Dataset items
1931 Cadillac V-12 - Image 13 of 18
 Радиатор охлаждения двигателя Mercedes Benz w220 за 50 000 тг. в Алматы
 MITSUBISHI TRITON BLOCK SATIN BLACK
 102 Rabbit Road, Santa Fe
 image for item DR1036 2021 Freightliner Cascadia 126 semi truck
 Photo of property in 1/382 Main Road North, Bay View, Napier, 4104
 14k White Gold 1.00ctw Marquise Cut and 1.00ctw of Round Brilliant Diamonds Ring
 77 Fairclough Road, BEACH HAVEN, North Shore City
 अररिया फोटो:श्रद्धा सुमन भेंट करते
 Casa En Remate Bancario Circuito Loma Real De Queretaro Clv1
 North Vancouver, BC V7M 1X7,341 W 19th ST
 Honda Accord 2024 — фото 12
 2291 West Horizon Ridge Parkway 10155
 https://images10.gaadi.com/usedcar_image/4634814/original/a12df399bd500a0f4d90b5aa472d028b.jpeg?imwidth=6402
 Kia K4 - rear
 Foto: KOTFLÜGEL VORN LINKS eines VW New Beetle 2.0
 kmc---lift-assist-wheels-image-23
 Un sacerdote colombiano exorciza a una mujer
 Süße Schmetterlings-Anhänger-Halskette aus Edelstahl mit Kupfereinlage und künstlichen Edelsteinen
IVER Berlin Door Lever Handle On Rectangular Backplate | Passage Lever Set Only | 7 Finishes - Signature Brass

■ WHAT IS REQUIRED: Out of the data above, set down the lines from the one with "Photo of property" to the one with "2291 West Horizon Ridge Parkway 10155", both included, exactly as written and with no additions.

■ RESULT:
 Photo of property in 1/382 Main Road North, Bay View, Napier, 4104
 14k White Gold 1.00ctw Marquise Cut and 1.00ctw of Round Brilliant Diamonds Ring
 77 Fairclough Road, BEACH HAVEN, North Shore City
 अररिया फोटो:श्रद्धा सुमन भेंट करते
 Casa En Remate Bancario Circuito Loma Real De Queretaro Clv1
 North Vancouver, BC V7M 1X7,341 W 19th ST
 Honda Accord 2024 — фото 12
 2291 West Horizon Ridge Parkway 10155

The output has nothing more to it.